4. Consult everybody in the business. Employees can often identify areas of health and safety concern that you might miss.
5. Create a written health and safety policy which sets out how you manage health and safety in your workplace. Share it with staff, emphasising key points on posters and make plans to review the policy regularly. The Health & Safety Executive (HSE) provides a policy template on their website: www.hse.gov.uk/business/policy-statement.pdf.
6. Organise health and safety training for staff and appoint a staff representative to implement and review your policy.
7. Pay attention to the work environment: employees are entitled to a well-ventilated, clean, well-lit workspace. Ensure cleaning is undertaken, waste removed regularly and poor or flickering lighting is dealt with promptly.
8. Take steps to ensure the temperature in your premises is 'reasonable'. In most industries, this means a minimum temperature of 16 degrees Celsius; if there are particularly warm or cold spots in your premises, consider moving employees or providing air conditioning or warm workwear.
9. Look at your washing and toilet areas. Is there hot as well as cold water, and are the facilities regularly cleaned? Showers are essential if your employees are involved in dirty work but they are also welcomed by staff who cycle or run to work, or exercise in their lunch break.

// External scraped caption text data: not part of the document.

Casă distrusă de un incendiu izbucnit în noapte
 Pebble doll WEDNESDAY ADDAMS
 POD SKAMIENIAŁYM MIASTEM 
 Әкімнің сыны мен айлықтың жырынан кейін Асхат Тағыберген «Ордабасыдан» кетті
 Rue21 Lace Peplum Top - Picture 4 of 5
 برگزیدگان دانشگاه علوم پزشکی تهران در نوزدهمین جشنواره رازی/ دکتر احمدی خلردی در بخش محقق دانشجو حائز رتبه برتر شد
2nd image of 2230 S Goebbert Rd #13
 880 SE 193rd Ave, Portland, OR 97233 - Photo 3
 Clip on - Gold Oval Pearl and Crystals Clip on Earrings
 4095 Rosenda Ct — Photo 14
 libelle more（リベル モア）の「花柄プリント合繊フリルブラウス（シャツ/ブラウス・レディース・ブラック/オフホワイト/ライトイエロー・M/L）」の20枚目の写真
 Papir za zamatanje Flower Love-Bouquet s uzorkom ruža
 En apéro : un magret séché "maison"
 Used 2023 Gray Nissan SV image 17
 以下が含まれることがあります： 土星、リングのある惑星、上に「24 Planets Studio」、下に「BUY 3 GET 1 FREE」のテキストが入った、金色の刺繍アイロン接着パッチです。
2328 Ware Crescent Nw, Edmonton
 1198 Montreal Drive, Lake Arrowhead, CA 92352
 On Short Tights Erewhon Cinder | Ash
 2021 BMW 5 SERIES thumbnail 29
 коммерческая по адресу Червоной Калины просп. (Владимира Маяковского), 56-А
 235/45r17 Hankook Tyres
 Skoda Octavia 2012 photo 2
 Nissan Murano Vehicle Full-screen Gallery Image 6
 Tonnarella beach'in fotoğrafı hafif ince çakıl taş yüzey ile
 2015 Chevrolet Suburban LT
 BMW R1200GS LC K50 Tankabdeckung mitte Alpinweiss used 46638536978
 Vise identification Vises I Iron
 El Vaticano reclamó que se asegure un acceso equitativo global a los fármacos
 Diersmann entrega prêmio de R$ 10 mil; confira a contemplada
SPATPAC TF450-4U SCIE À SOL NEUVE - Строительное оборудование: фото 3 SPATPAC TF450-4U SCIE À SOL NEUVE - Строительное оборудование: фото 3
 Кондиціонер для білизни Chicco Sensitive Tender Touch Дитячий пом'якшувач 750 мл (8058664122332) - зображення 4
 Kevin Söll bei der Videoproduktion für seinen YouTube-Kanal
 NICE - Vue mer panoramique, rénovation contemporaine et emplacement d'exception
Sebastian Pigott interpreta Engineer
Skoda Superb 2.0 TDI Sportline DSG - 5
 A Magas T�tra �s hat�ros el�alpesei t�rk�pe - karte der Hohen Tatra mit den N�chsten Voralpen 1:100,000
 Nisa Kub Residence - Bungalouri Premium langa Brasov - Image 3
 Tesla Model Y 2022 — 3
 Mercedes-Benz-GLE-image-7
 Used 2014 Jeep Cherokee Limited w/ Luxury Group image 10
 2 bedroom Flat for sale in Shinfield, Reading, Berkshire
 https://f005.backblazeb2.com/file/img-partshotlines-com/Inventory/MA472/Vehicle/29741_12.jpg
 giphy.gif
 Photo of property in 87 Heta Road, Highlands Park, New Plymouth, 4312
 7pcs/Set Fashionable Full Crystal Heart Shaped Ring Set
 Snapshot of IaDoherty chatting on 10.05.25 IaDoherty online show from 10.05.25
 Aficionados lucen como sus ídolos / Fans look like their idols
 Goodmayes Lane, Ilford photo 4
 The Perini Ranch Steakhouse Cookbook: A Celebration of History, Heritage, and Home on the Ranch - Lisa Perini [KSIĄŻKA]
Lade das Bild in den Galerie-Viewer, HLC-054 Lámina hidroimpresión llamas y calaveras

10. A rest area where staff can enjoy their breaks can make a big difference to working lives. Providing drinking water is a legal requirement, but supplying other hot and cold drinks, even kitchen facilities, can make the workplace much more comfortable.
11. Look after employees' mental health by monitoring working hours to ensure no one is overworking. Holding regular staff forums in which feedback is welcome can also help keep a check on stress levels.
12. Take steps to minimise conflict by implementing anti-bullying, anti-harassment and anti-discrimination measures. Ensure your staff understand these and feel able to raise problems with you.